Start of PROVIDED ENTRIES

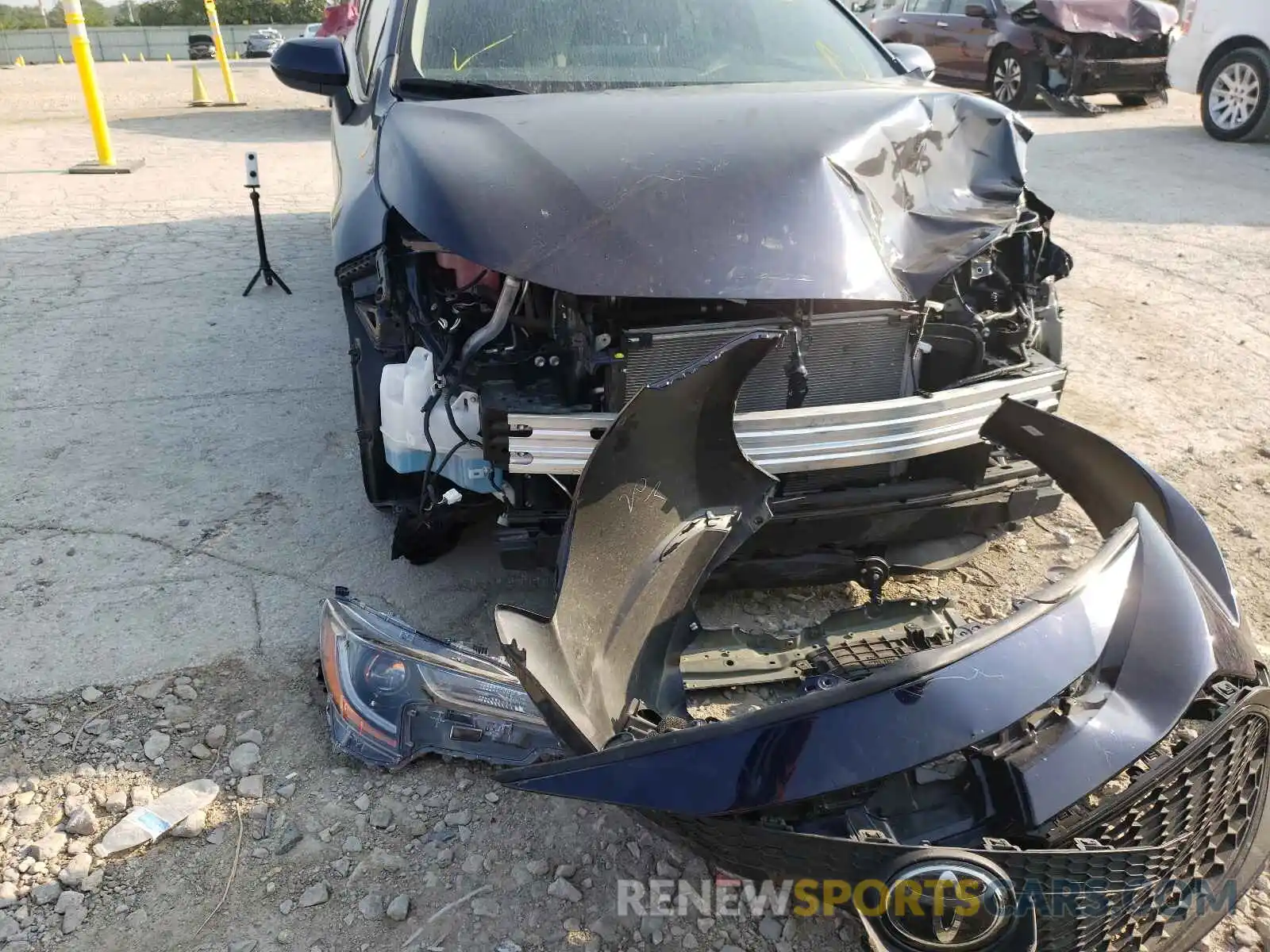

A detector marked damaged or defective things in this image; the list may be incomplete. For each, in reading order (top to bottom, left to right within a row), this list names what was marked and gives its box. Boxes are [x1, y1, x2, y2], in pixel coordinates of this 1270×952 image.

damaged vehicle background [876, 0, 1181, 114]
crushed hood [1029, 0, 1175, 40]
damaged vehicle background [275, 0, 1073, 587]
crushed hood [375, 85, 1029, 303]
damaged grille [616, 313, 914, 413]
damaged toyota corolla [273, 2, 1264, 952]
broken headlight [318, 597, 565, 765]
damaged vehicle background [318, 333, 1270, 952]
damaged grille [651, 708, 1264, 952]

End of PROVIDED ENTRIES

_TASK OBJECTIVE:_
You need to copy every entry exactly, taking out only the pictures.

_SOLUTION TO THIS TASK:_
A detector marked damaged or defective things in this image; the list may be incomplete. For each, in reading order (top to bottom, left to right within a row), this list names what was marked and gives its box. Boxes are [x1, y1, x2, y2], in pixel coordinates of this 1270×952 image.

damaged vehicle background [876, 0, 1181, 114]
crushed hood [1029, 0, 1175, 40]
damaged vehicle background [275, 0, 1073, 587]
crushed hood [375, 85, 1029, 303]
damaged grille [616, 313, 914, 413]
damaged toyota corolla [273, 2, 1264, 952]
broken headlight [318, 597, 565, 765]
damaged vehicle background [318, 333, 1270, 952]
damaged grille [651, 708, 1264, 952]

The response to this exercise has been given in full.